About this task: From the entries that follow, copy exactly the lines beginning at the line holding "invisible Acne Pimple Patches (280 PCS)" and continuing through the line holding "P2Y1 Rabbit Polyclonal Antibody".

Available records:
-------
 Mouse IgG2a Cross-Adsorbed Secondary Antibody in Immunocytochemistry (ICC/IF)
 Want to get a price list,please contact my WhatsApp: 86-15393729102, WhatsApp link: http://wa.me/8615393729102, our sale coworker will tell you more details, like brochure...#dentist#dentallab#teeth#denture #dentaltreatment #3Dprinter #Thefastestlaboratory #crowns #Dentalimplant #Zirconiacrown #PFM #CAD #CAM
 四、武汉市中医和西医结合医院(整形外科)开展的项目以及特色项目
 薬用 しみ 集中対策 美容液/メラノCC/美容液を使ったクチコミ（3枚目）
-------
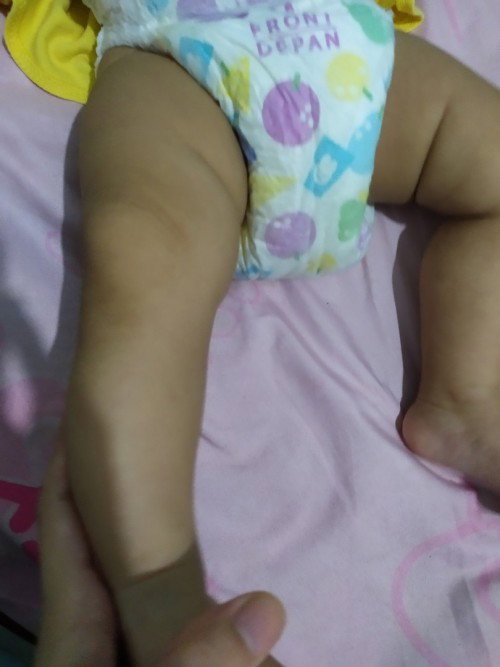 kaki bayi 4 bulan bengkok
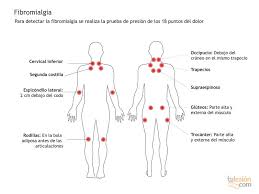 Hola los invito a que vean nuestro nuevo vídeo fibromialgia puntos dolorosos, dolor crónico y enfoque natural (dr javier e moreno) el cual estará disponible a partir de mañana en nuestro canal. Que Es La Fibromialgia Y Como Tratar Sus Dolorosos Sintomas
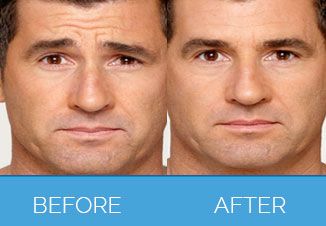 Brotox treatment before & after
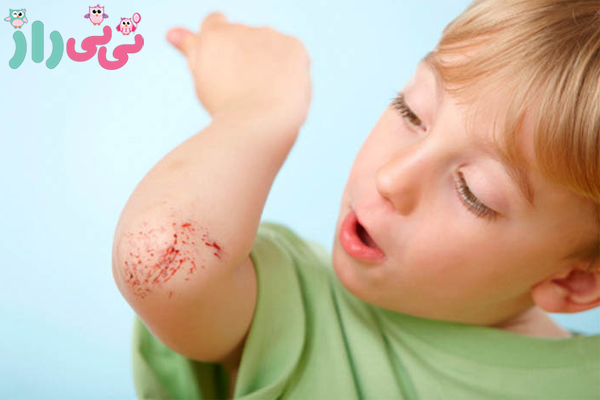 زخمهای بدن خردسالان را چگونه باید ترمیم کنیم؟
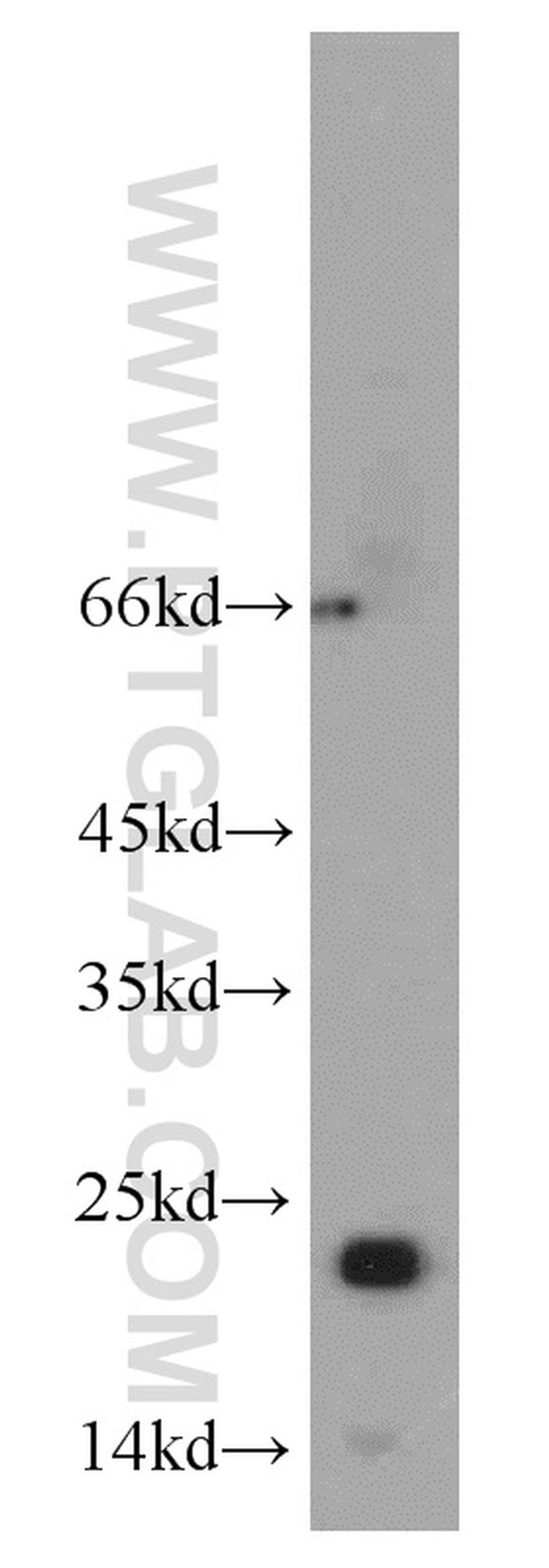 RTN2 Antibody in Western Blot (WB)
-------
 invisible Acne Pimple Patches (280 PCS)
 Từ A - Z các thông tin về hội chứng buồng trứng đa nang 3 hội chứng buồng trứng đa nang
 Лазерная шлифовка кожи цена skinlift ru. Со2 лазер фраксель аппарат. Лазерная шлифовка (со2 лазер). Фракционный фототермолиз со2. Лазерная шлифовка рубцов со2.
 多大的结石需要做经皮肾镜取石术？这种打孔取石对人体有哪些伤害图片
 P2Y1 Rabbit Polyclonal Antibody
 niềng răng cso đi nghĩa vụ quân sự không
-------
Exercise result:
 invisible Acne Pimple Patches (280 PCS)
 Từ A - Z các thông tin về hội chứng buồng trứng đa nang 3 hội chứng buồng trứng đa nang
 Лазерная шлифовка кожи цена skinlift ru. Со2 лазер фраксель аппарат. Лазерная шлифовка (со2 лазер). Фракционный фототермолиз со2. Лазерная шлифовка рубцов со2.
 多大的结石需要做经皮肾镜取石术？这种打孔取石对人体有哪些伤害图片
 P2Y1 Rabbit Polyclonal Antibody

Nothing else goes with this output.